§ Problem requirements
Could you reproduce every record below exactly, excluding all pictures?

[Start of Attachment]

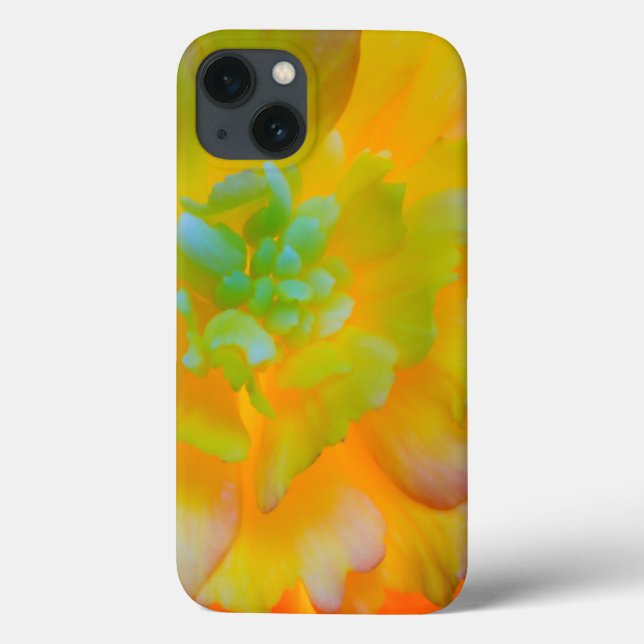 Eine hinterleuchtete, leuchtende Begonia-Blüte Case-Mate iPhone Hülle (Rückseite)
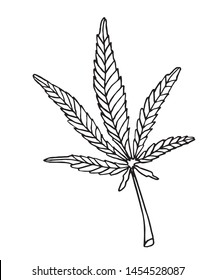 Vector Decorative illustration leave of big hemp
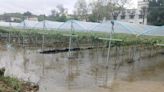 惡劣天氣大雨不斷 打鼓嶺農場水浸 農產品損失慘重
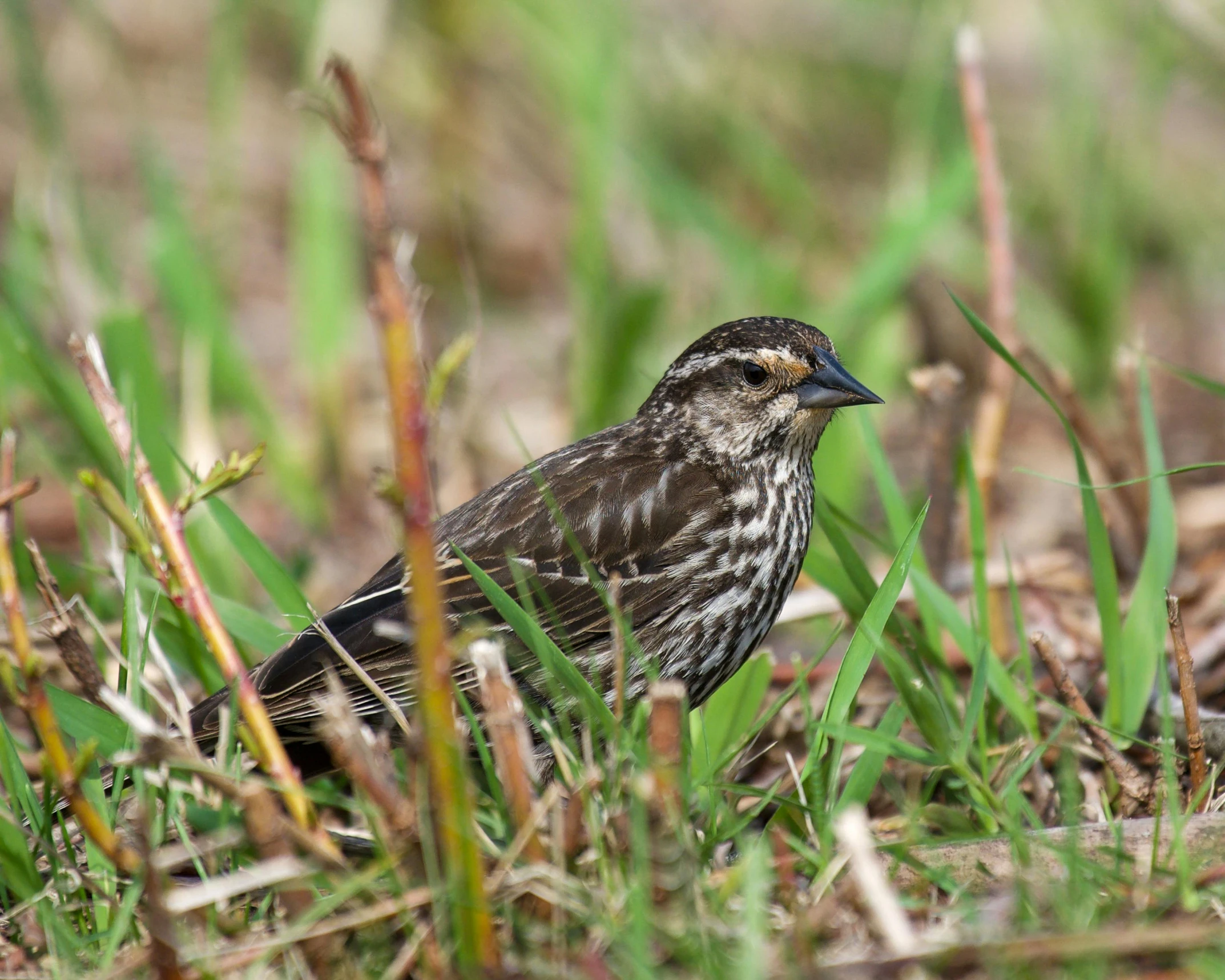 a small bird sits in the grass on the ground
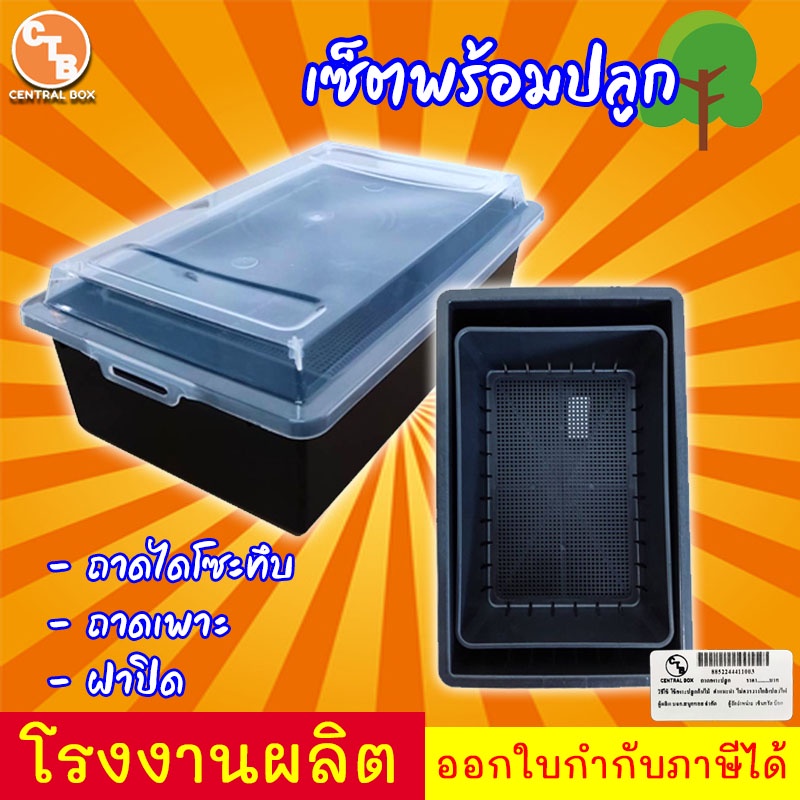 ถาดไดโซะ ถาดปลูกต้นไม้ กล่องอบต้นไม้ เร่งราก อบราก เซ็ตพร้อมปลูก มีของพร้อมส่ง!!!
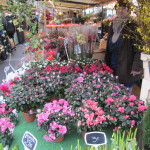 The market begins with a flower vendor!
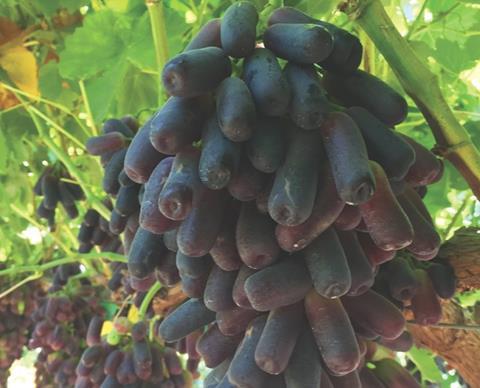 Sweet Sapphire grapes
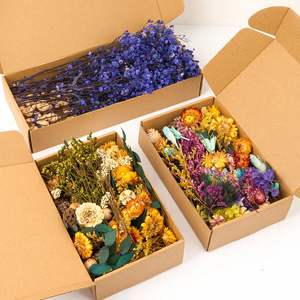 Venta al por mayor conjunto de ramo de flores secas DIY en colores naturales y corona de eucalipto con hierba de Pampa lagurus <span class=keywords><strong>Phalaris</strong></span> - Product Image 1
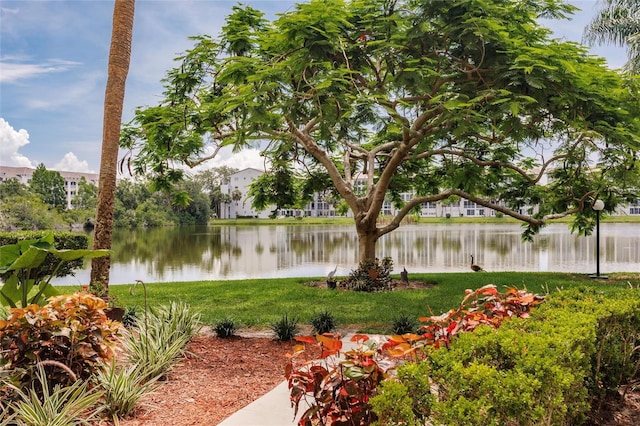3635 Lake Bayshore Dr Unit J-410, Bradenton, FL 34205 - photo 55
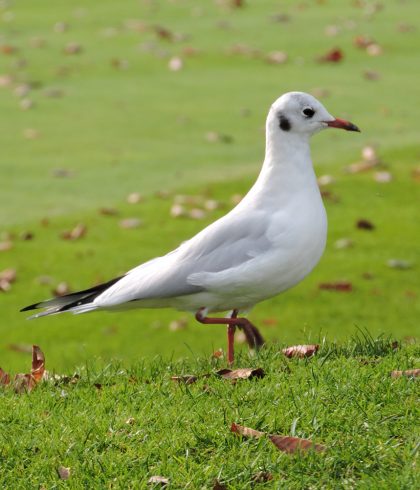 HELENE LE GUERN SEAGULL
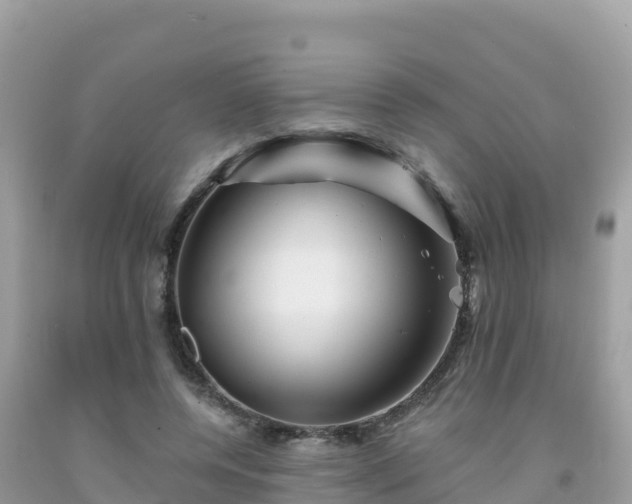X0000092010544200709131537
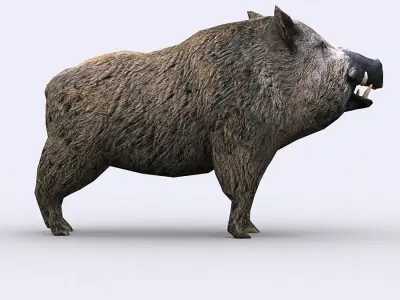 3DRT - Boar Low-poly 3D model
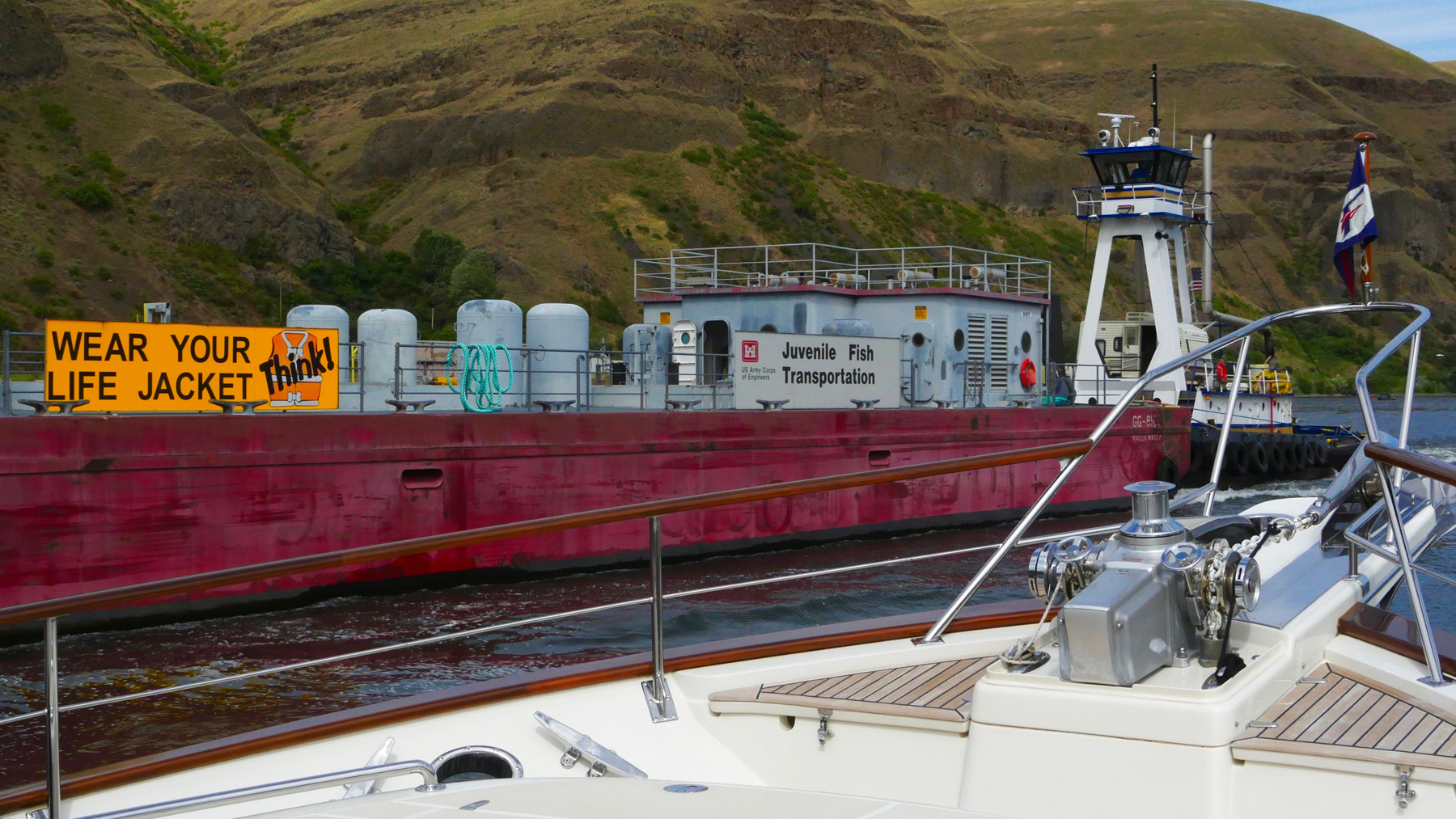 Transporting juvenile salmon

[End of Attachment]

§ Exercise output
 Eine hinterleuchtete, leuchtende Begonia-Blüte Case-Mate iPhone Hülle (Rückseite)
 Vector Decorative illustration leave of big hemp
 惡劣天氣大雨不斷 打鼓嶺農場水浸 農產品損失慘重
 a small bird sits in the grass on the ground
 ถาดไดโซะ ถาดปลูกต้นไม้ กล่องอบต้นไม้ เร่งราก อบราก เซ็ตพร้อมปลูก มีของพร้อมส่ง!!!
 The market begins with a flower vendor!
 Sweet Sapphire grapes
 Venta al por mayor conjunto de ramo de flores secas DIY en colores naturales y corona de eucalipto con hierba de Pampa lagurus <span class=keywords><strong>Phalaris</strong></span> - Product Image 1
3635 Lake Bayshore Dr Unit J-410, Bradenton, FL 34205 - photo 55
 HELENE LE GUERN SEAGULL
X0000092010544200709131537
 3DRT - Boar Low-poly 3D model
 Transporting juvenile salmon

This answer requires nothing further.